Keynote: Michelle Addington_RESEARCH REDUX
Michelle Addington is dean of The University of Texas at Austin School of Architecture, where she holds the Henry M. Rockwell Chair in Architecture. Originally educated as a mechanical/nuclear engineer, Addington worked for several years as an engineer at NASA/Goddard Space Flight Center and for E.I DuPont de Nemours before she studied architecture.
Material and performance research in Architecture is often entangled in a methodological network constrained by missing knowledge, unsupported by foundational methods, clouded by conflicting domains, and untethered to meaningful impacts. The robust academic structure that both undergirds as well as overarches the research enterprise that forms the fundamental core of most disciplines, and should be that which frames and guides our research activities, is all but missing from our field. There is no consistent development and progression from undergraduate to graduate to doctorate to post-doctorate to faculty; what we have instead are small ad hoc fragments scattered about the world—a bespoke independent study program advertised as a research master’s degree, a funded special initiative that is singularly self-contained either as a unit or as a faculty member’s lab. While canon in architectural history is certainly being questioned, we know the extents of the field and what it considers as its principles and governing criteria. We cannot say the same about material and performance research in Architecture. Academic research both governs canon and is governed by canon. Without canon, there is no stable ground from which to launch an investigation, to open up an inquiry, to dismantle an accepted belief. Without canon as stable ground, then the starting point becomes that which we do and that which we are familiar with—aka practice and precedent.

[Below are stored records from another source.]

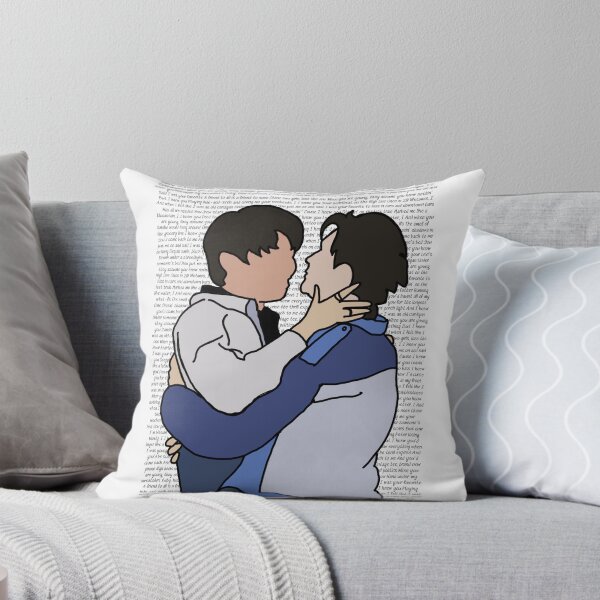 Item preview, You drew stars... First Khao designed and sold by vibookcrate.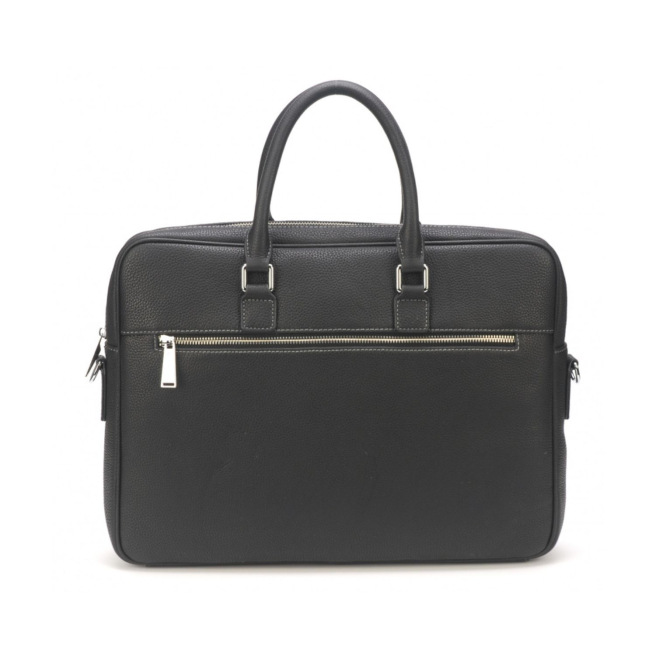 Mallette cuir Arthur & Aston ANNA Mallette cuir Arthur & Aston ANNA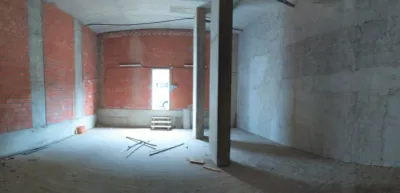 Local comercial en venta en Plaza de Paloma Miranda, Riberas de Loiola (San Sebastián - Donostia) de 180.000 €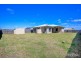 81 Foster Drive, Bundaberg North QLD 4670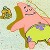 Joyce56's icon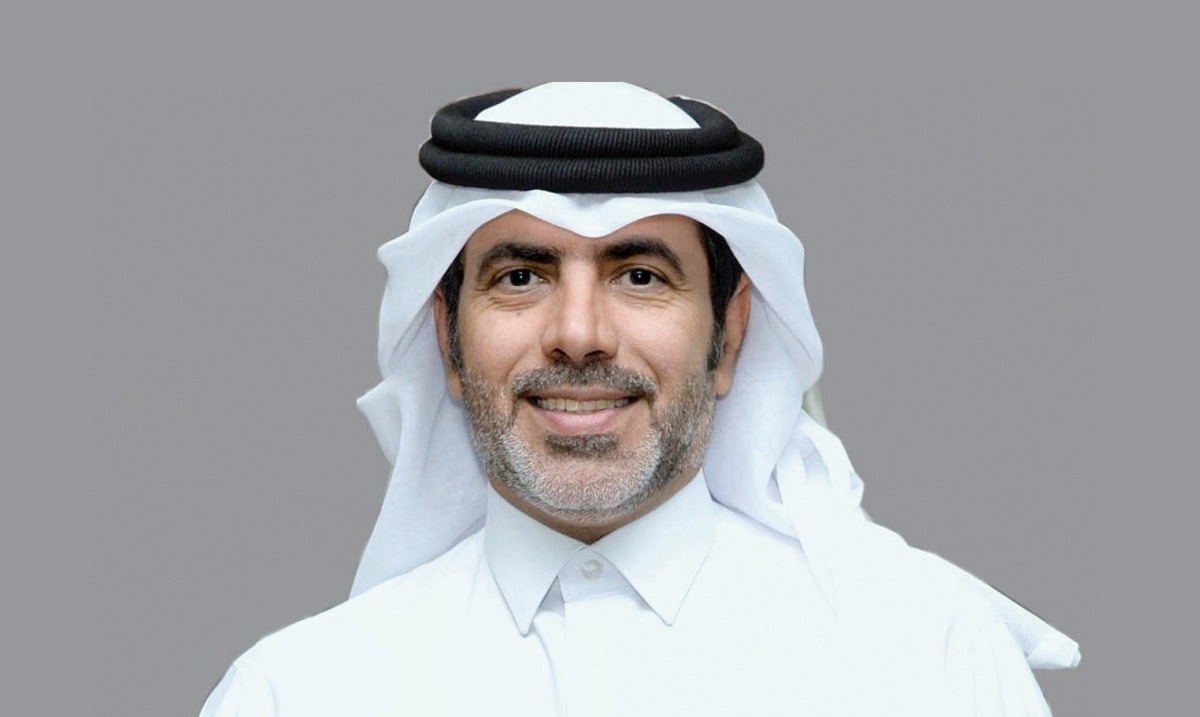 المحامي عبدالله نويمي الهاجري 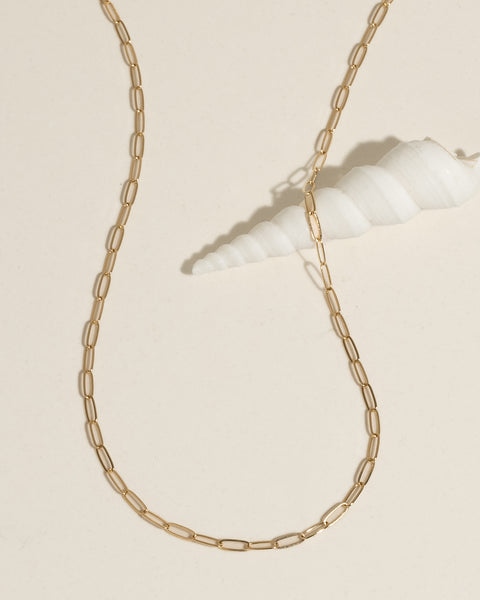 Solid_Gold_Chain_grande.jpg?v=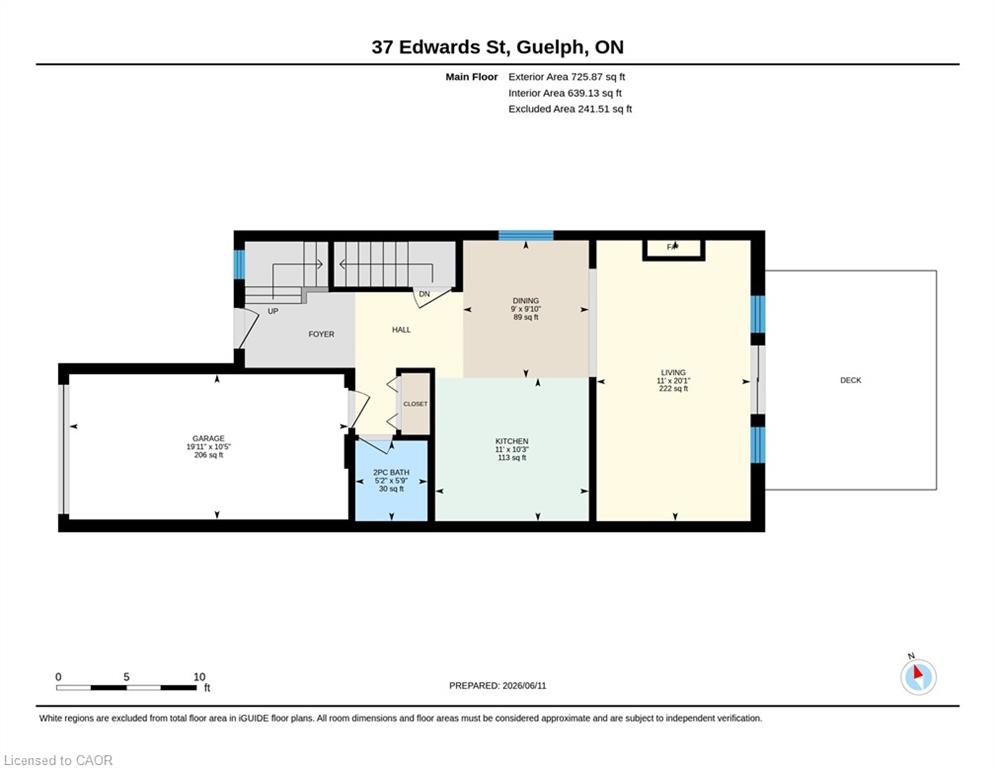 37 Edwards Street Property Photo 28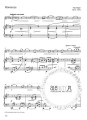 Klarinette spielen mein schonstes Hobby - Konzertband - Rudolf Mauz (+ audio online) - nuty na klarnet z fortepianem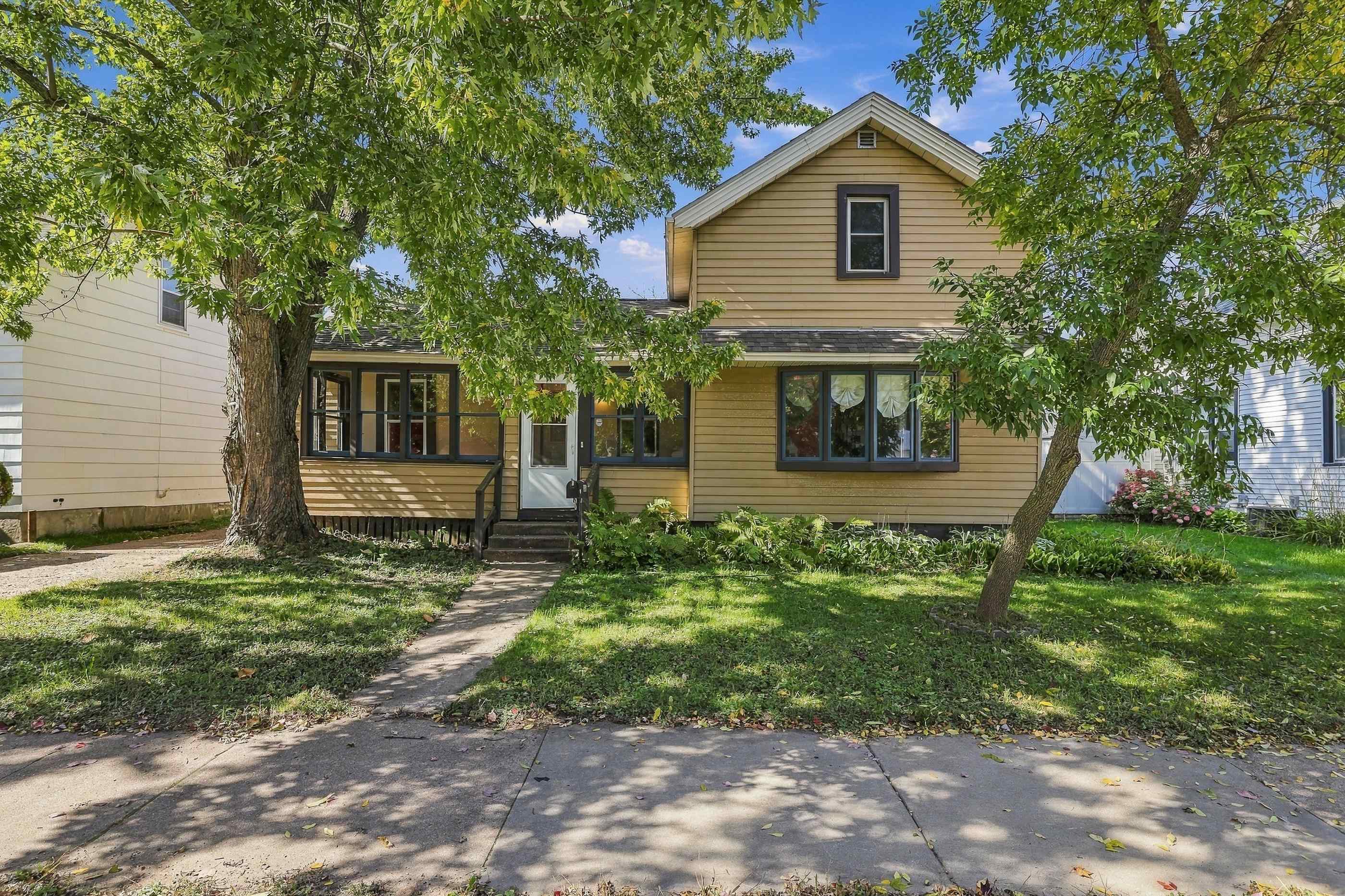 308 Second Street Property Photo 3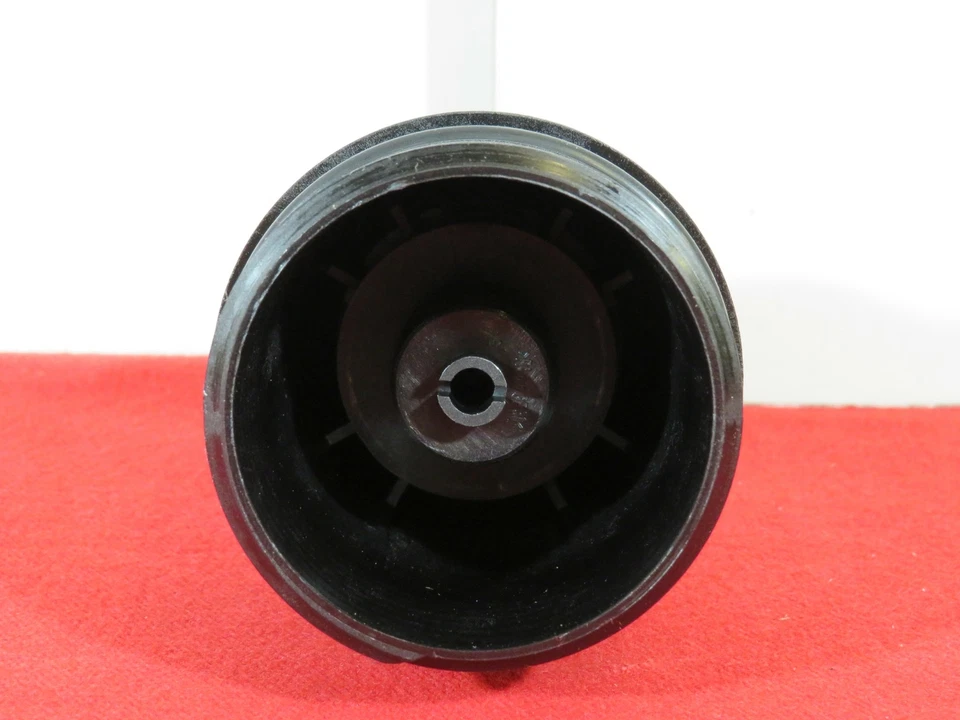 Tapa de carcasa de filtro de aceite Dodge Ram Jeep Chrysler NUEVO OEM MOPAR Foto 2 de 4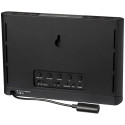 Bresser 5-in-1 Comfort Weather Center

Much of what we call research is thus incremental and relative, which is not to discount it as incremental research is certainly considered a worthy undertaking. But we are often left without a clear and meaningful beginning and ending point for what drives the iteration other than the desire to try something or to make something. Even when research is intended to tackle a grand challenge, such as climate change, we tend to allow precedent and practice to co-opt the starting point and the ultimate question, keeping us bound to the way that we do things, albeit with some possible improvements. Big questions devolve into minor adjustments if we even are able to implement the results. More often than not, we aren’t able to implement results beyond prototyping or demonstration
A robust research structure allows for questions large and small, enables methods that are repeatable and verifiable, establishes paths for dissemination that range from knowledge building to implementation to definitive (and verified) contribution. But we don’t have such a structure, and we don’t have the critical mass or canonic foundations to build one. For too long, we have tried to cobble together some semblance of a research structure for investigating materials and performance: a grant here and there, a few dozen doctorates, some experimental work carried out by firms, a scattershot of engineering-like papers appearing in numerous journals. For too long, many of us have been critical of what we perceive as the lack of rigor in how we educate architects in the questions and methods of research as well as in what qualifies as the products of research. Maybe it is time to stop trying to fit into the normative research structure that is the backbone of the more atomized disciplines, and build a research ecosystem that truly capitalizes on what knowledge we do bring to the table, what unique skills and capabilities we can bring to bear, how we fluidly collaborate and embrace enormous breadth across disciplines. What could and should it be?